START Exercise materials

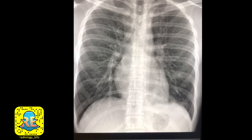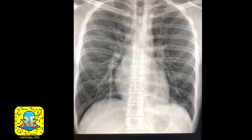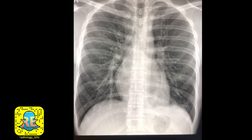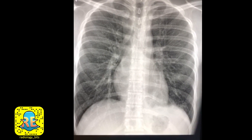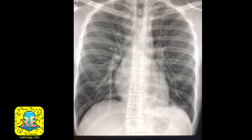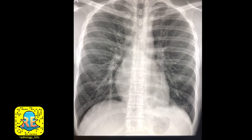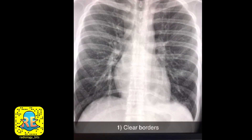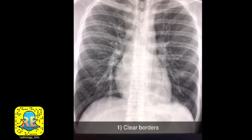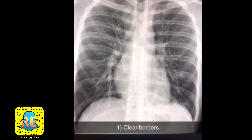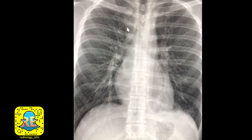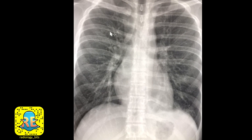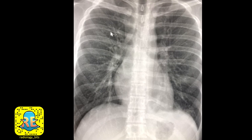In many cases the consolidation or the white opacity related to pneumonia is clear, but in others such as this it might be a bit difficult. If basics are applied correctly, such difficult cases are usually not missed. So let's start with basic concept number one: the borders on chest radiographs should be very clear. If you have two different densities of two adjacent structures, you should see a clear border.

END Exercise materials
START Exercise materials

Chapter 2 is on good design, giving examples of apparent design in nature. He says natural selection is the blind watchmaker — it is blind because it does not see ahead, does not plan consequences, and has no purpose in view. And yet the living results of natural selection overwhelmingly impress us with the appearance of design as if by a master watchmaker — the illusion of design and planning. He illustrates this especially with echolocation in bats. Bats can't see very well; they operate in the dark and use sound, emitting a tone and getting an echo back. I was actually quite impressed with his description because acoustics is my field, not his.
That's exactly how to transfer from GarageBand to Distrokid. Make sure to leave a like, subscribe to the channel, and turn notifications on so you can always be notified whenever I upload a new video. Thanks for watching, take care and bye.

END Exercise materials
START Exercise materials

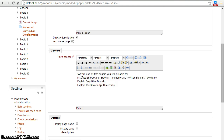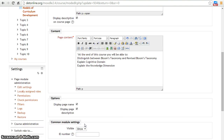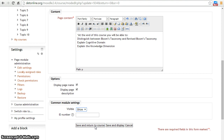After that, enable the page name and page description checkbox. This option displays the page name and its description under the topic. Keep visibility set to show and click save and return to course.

END Exercise materials

Reproduce only the lines above spanning from the line containing "Chapter 2 is" through the line containing "That's exactly how", word for word.

▶ **Result**:
Chapter 2 is on good design, giving examples of apparent design in nature. He says natural selection is the blind watchmaker — it is blind because it does not see ahead, does not plan consequences, and has no purpose in view. And yet the living results of natural selection overwhelmingly impress us with the appearance of design as if by a master watchmaker — the illusion of design and planning. He illustrates this especially with echolocation in bats. Bats can't see very well; they operate in the dark and use sound, emitting a tone and getting an echo back. I was actually quite impressed with his description because acoustics is my field, not his.
That's exactly how to transfer from GarageBand to Distrokid. Make sure to leave a like, subscribe to the channel, and turn notifications on so you can always be notified whenever I upload a new video. Thanks for watching, take care and bye.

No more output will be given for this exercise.